Local Commentary

Our Man in Arlington

clark-fcnpA baby boy toddled onto my daughter’s front yard in North Arlington this month. Badly in need of a wardrobe change, the kid was alone and crying.

With no parent in sight, my daughter – herself the mother of a two-year-old – sought to comfort the child as passing motorists also stopped to help. As the police arrived, a frantic mother appeared and scooped up the baby for whom she had been scouring the neighborhood.

It turned out the family were newcomers from Syria.
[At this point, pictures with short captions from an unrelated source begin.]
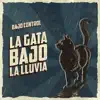 La Gata Bajo La Lluvia - Single album lyrics, reviews, download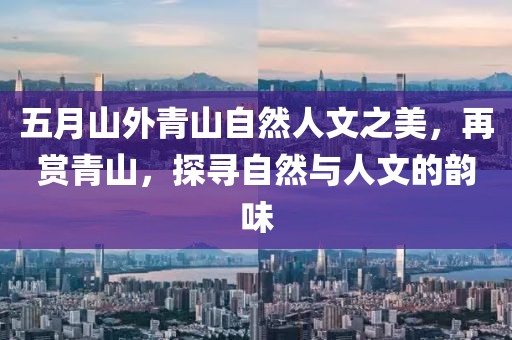 五月山外青山自然人文之美，再赏青山，探寻自然与人文的韵味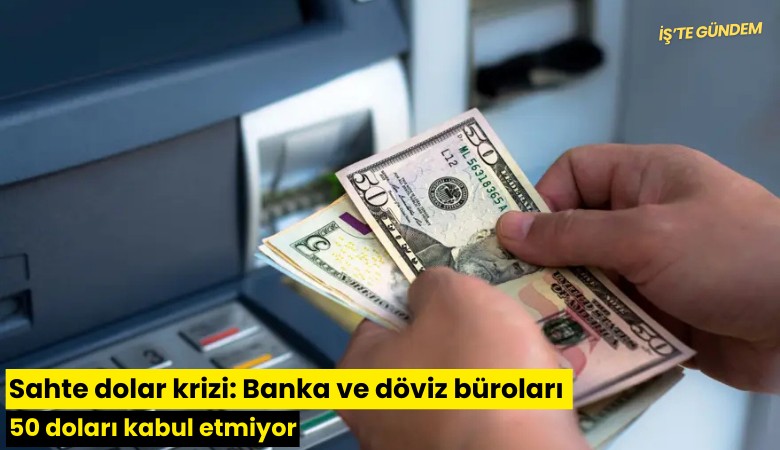 Sahte dolar krizi: Banka ve döviz büroları 50 doları kabul etmiyor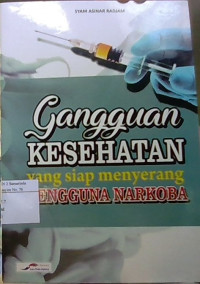 Image of Gangguan Kesehatan yang Siap Menyerang Pengguna Narkoba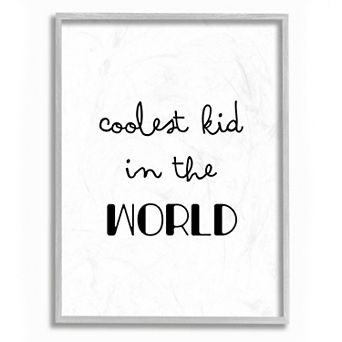 Stupell Home Decor Coolest Kid In the World Phrase Cursive Script Wall Art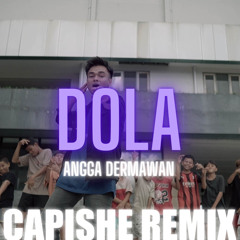 Angga Dermawan - Dola (Capishe afro remix)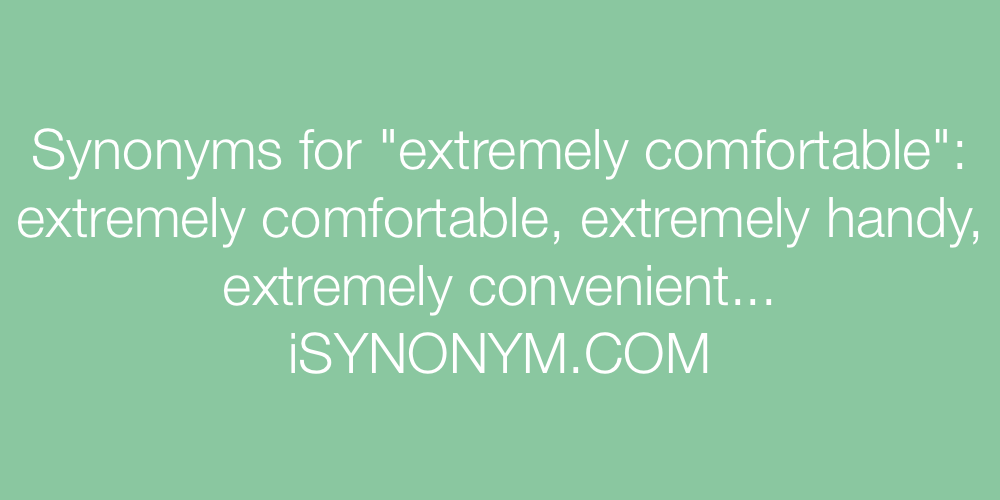 Synonyms extremely comfortable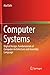 Computer Systems: Digital Design, Fundamentals of Computer Architecture and Assembly Language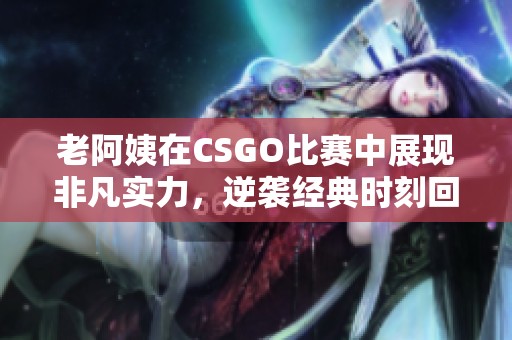 老阿姨在CSGO比賽中展現(xiàn)非凡實力，逆襲經(jīng)典時刻回顧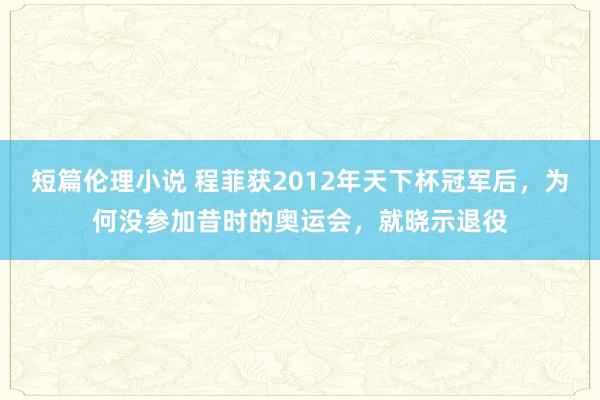 短篇伦理小说 程菲获2012年天下杯冠军后，为何没参加昔时的奥运会，就晓示退役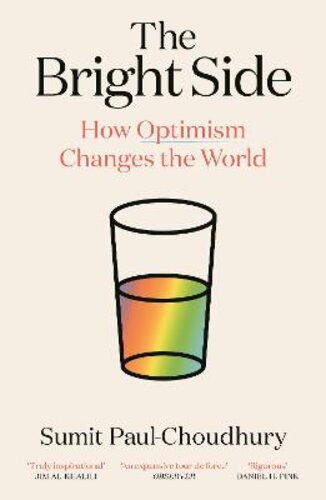 THE BRIGHT SIDE: HOW OPTIMISM CHANGES THE WORLD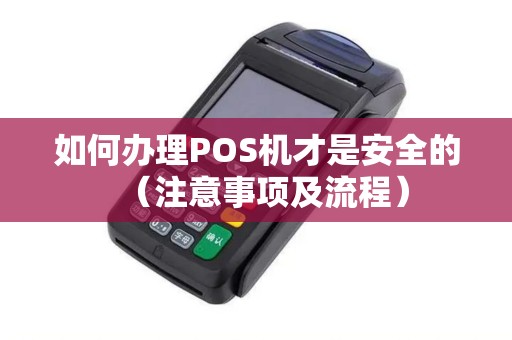 如何办理POS机才是安全的（注意事项及流程）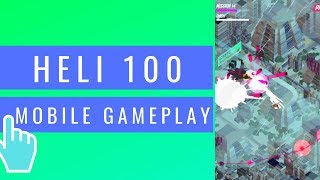 HELI 100 | iOS / Android Mobile Gameplay screenshot 2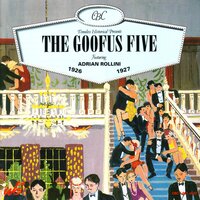 Someone Is Losin' Susan - Adrian Rollini & The Goofus Five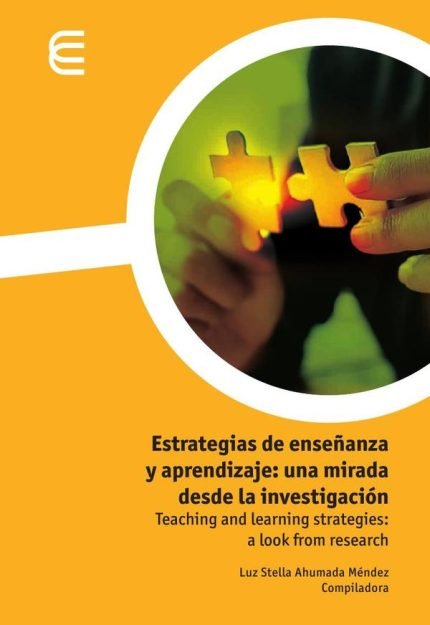 Estrategias de enseñanza y aprendizaje: una mirada desde la investigación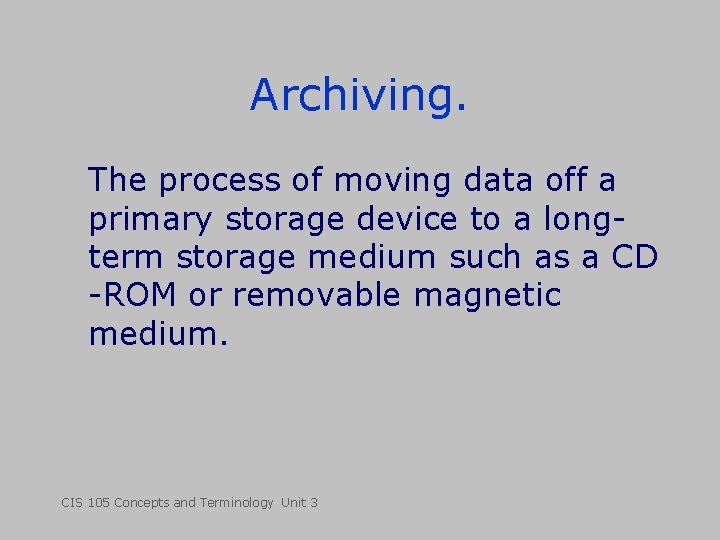 Archiving. The process of moving data off a primary storage device to a longterm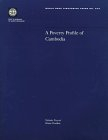 A Poverty Profile of Cambodia (World Bank Discussion Paper)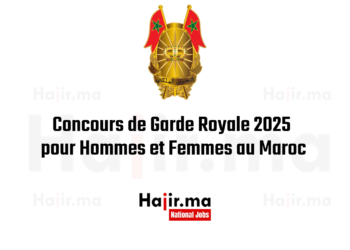 Concours de Recrutement Garde Royale 2025 pour Hommes et Femmes au Maroc
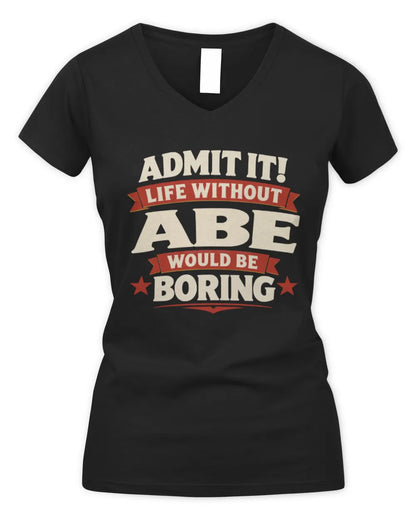 ABE P4 KT003 Personalized Funny Quote Apparel “Life Without NAME Would Be Boring” - Women's V-Neck T-Shirt - Black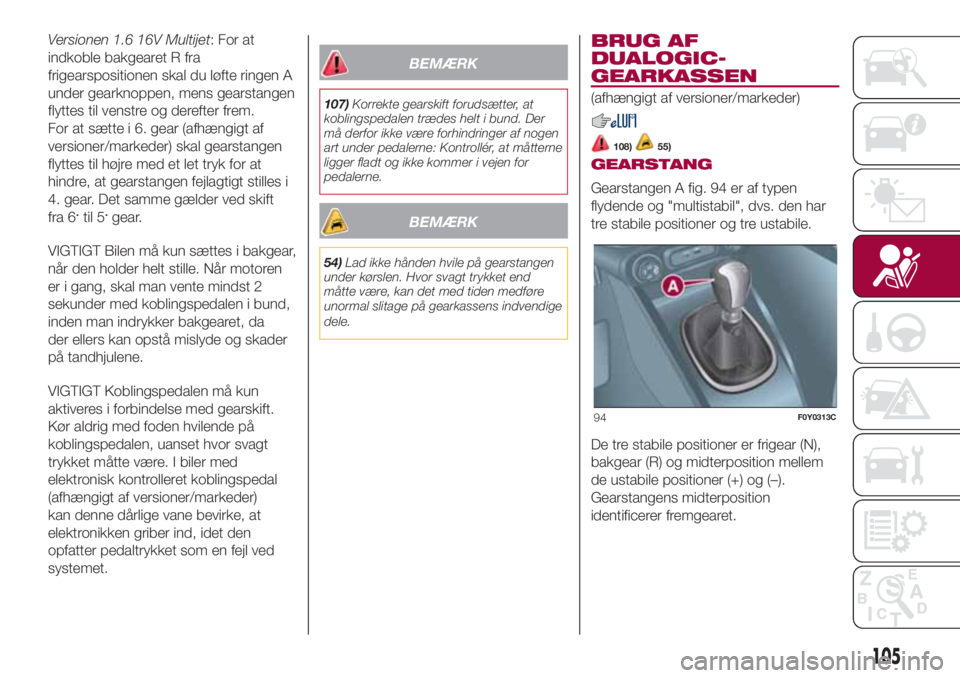 FIAT 500L 2018  Brugs- og vedligeholdelsesvejledning (in Danish) Versionen 1.6 16V Multijet: For at
indkoble bakgearet R fra
frigearspositionen skal du løfte ringen A
under gearknoppen, mens gearstangen
flyttes til venstre og derefter frem.
For at sætte i 6. gear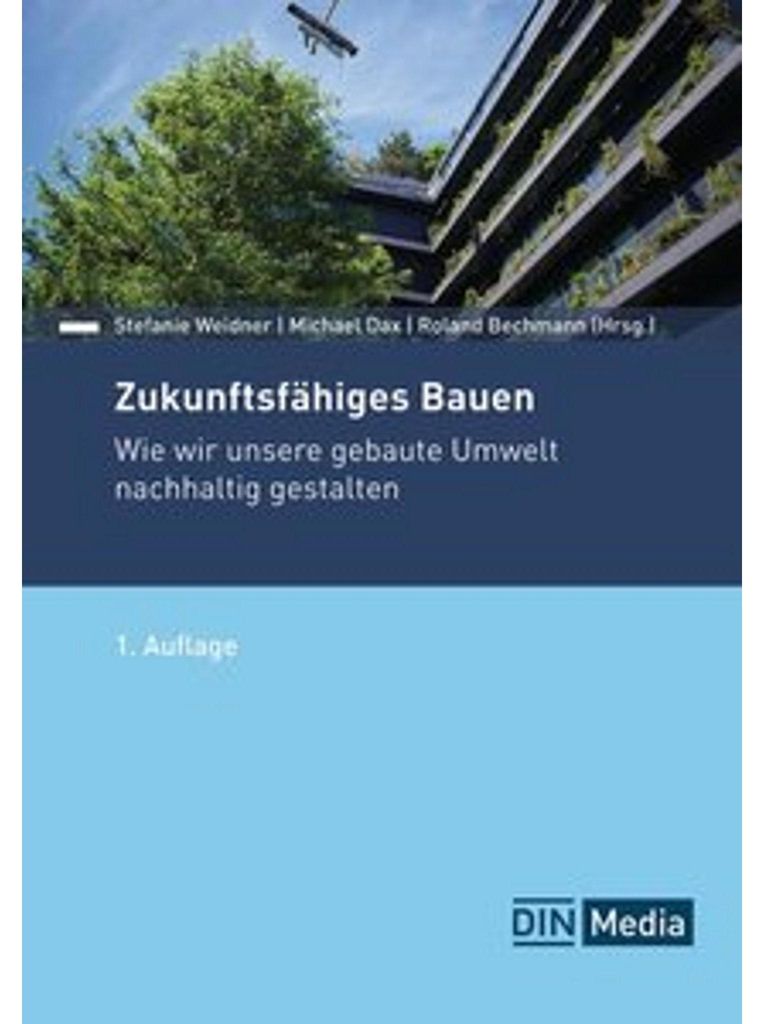 Zukunftsfähiges Bauen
Among the fortunate who choose Arlington, where, in a grass-roots response to the Trump administration’s immigration restrictions, many locals have spent $32 to erect yard signs that read, in three-languages: “No matter where you’re from, we’re glad you’re our neighbor.”

On June 21, World Refugee Day, I drove to an unprepossessing building on South Highland St. to hear a panel organized by the Ethiopian Community Development Council, Inc.

After a showing of a powerful documentary “Warehoused,” about refugees trapped in a vast camp in Kenya, an academic and several immigrants described the hardships and aspirations of refugees who make it here.

One Sudanese woman, now an Arlingtonian, stressed the contrast of growing up without seeing white people and feeling that life in a two-bedroom home with seven people was “perfect.”

The Ethiopian council is one of nine resettlement nonprofits authorized by the State Department. Founded in 1983 by Tsehaye Teferra, it seeks to “increase awareness within the wider community and among mainstream organizations about issues of concern to the newcomer community in general and to African refugees and immigrants in particular.”

Why Arlington? I asked Sarah Zullo, managing director of the council’s D.C. African Community Center. “Arlington is extremely diverse and welcoming to multiple ethnicities,” she said. “People here recognize the need for social services for families using different languages, and its proximity to Washington, D.C., was attractive.”

The downside is that Arlington is expensive to live in.

As an official resettlement agency that receives $1,125 from the federal government for each refugee, the council widened its Africa focus to help arrivals from Afghanistan, Iraq, China, Burma, Nepal, Colombia, Cuba and El Salvador. “We’re multicultural and multi-religious,” added Zullo, who came to Arlington from Denver in 2012 and speaks Amharic, French, Spanish and English.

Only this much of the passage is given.